7 out of 7 people found this review helpful.

on 5/3/2015 9:07:00 PM

Age: 36-43

Skin: Normal, Medium, Neutral

Hair: Brunette, Straight, Fine

Eyes: Green

Ive finally figured out the best DIY C recipe yet for my skin. Very very happy. Ive been using it for a month and my serum has not turned yellow yet.
What i do is I take Cerave moisturizer, and Nuskin Na PCA (ingredients: Water (Aqua), Butylene Glycol, Glycerin, Aloe Barbadensis Leaf Juice, Sodium PCA, Sodium Hyaluronate, Fructose, Glycine, Inositol, Lactic Acid, Niacinamide, Urea, PPG-5-Ceteth-20, Sodium Lactate, Citric Acid, Disodium EDTA, Phenoxyethanol, Chlorphenesin, Sodium Benzoate)... I mix these two together with L-ascorbic acid crystals by shaking everything in a Yves Rocher facial serum bottle (a serum i used once and just happened to keep the empty bottle).

The preservatives in the NUSKIN solution keep the vitamin C much longer.

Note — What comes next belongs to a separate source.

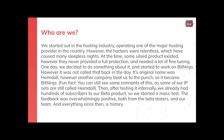Just a little bit of history on who we are: we basically started out as a hosting company, operating one of the major hosting providers in the country. However, the hackers were relentless — we had many sleepless nights because of them, due to constant hijacking and infecting of our machines.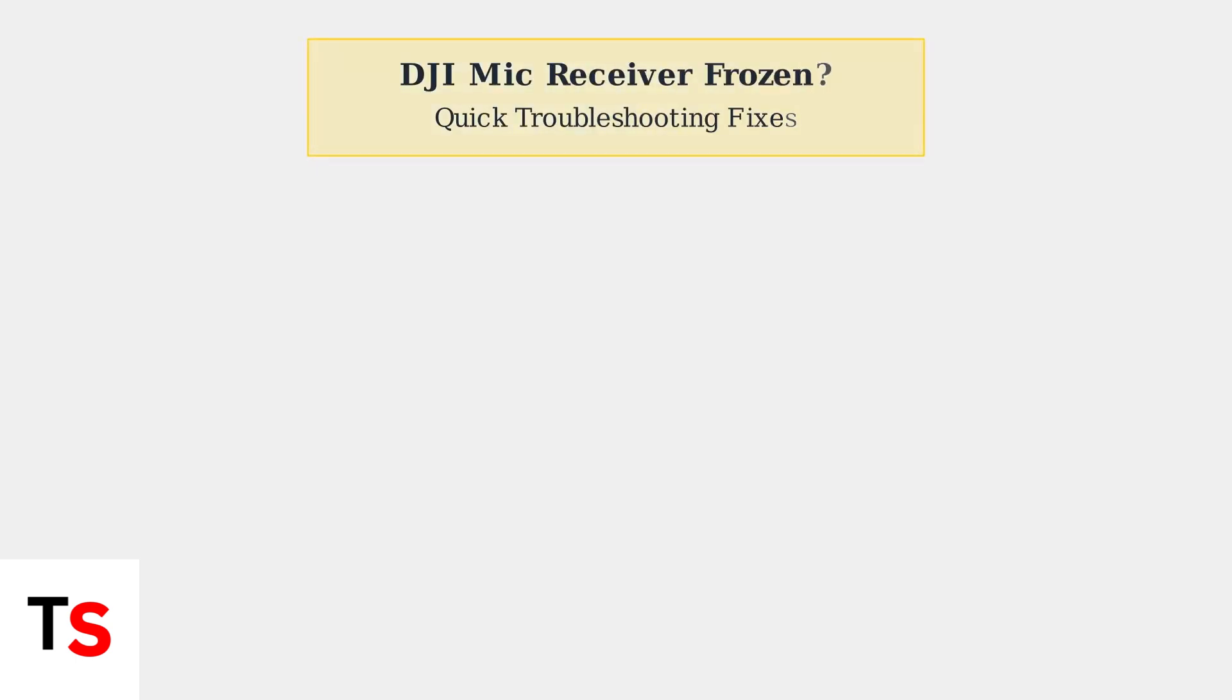Is your DJI mic receiver frozen and unresponsive? This happens more often than you think, but don't worry, there are several quick fixes you can try right now.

I store it in a cool place (my bathroom is always freezing).

I have been complimented on my complexion a lot ever since using this solution. My results have been remarkable. My skin has a really dewy glow to it, and I use it once a day. This works as well if not better than the La Roche Posay C serum that I used to use... And that stuff is fantastic!

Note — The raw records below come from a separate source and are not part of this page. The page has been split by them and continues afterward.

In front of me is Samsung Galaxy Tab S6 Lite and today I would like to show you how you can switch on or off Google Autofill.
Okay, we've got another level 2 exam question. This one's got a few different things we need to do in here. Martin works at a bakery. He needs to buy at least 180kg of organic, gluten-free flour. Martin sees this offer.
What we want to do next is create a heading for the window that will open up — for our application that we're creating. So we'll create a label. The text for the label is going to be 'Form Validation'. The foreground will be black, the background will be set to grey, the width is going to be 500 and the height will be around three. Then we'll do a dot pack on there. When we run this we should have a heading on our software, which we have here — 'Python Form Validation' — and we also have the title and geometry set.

Finding the Nuskin stuff was a total game changer. Both the Cerave and the Nuskin are reasonably priced and will last me a very long time for the purpose of making this C serum. I love doing it this way... it doesnt require constantly making new stuff all the time because it lasts! Its super easy. And the Nuskin has everything I need... its got HA, Niacinamide, and Napca. The Cerave has ceramides.
Ive read that niacin and C shouldnt be put together in one serum (because of different PH's, the Niacin will supposedly immediately oxidize the vitamin c (turning it yelllow instantly) rendering both useless)... But honestly, this recipe is working very well for me, and I will keep doing it. The results have been way too good. As I said before, my serum still has not turned yellow and its been a month. Go figure.

15 out of 20 people found this review helpful.

on 4/28/2015 10:22:00 AM

Age: 44-55

Skin: Combination, Other, Not Sure

Hair: Brown, Other, Other

Eyes: Blue

I'll join the raves and agree with everyone here that DIY Vit C serum is cheap, easy and I'm liking the results. Most difficult part is getting the PH right. Should be below 3.5 or at 3 to be ideal. Too low and is harsh, too high and doesn't work because won't penetrate the skin. I make 20% formula from a recipe found on reddit and all ingredients together usually end up ph 2, so I raise with a touch of baking soda (and I mean a tiny amount, less than 1/8 tsp) to ph 3. The Lotioncrafter ultra fine Vit C crystals are a must, because otherwise takes forever for the Vitamin C to dissolve, and their PH test strips are cheap and easy. I also bought the NOW glycerin and dark bottle (at Wholefoods). My serum lasts about a week before begins to oxidize.

6 out of 6 people found this review helpful.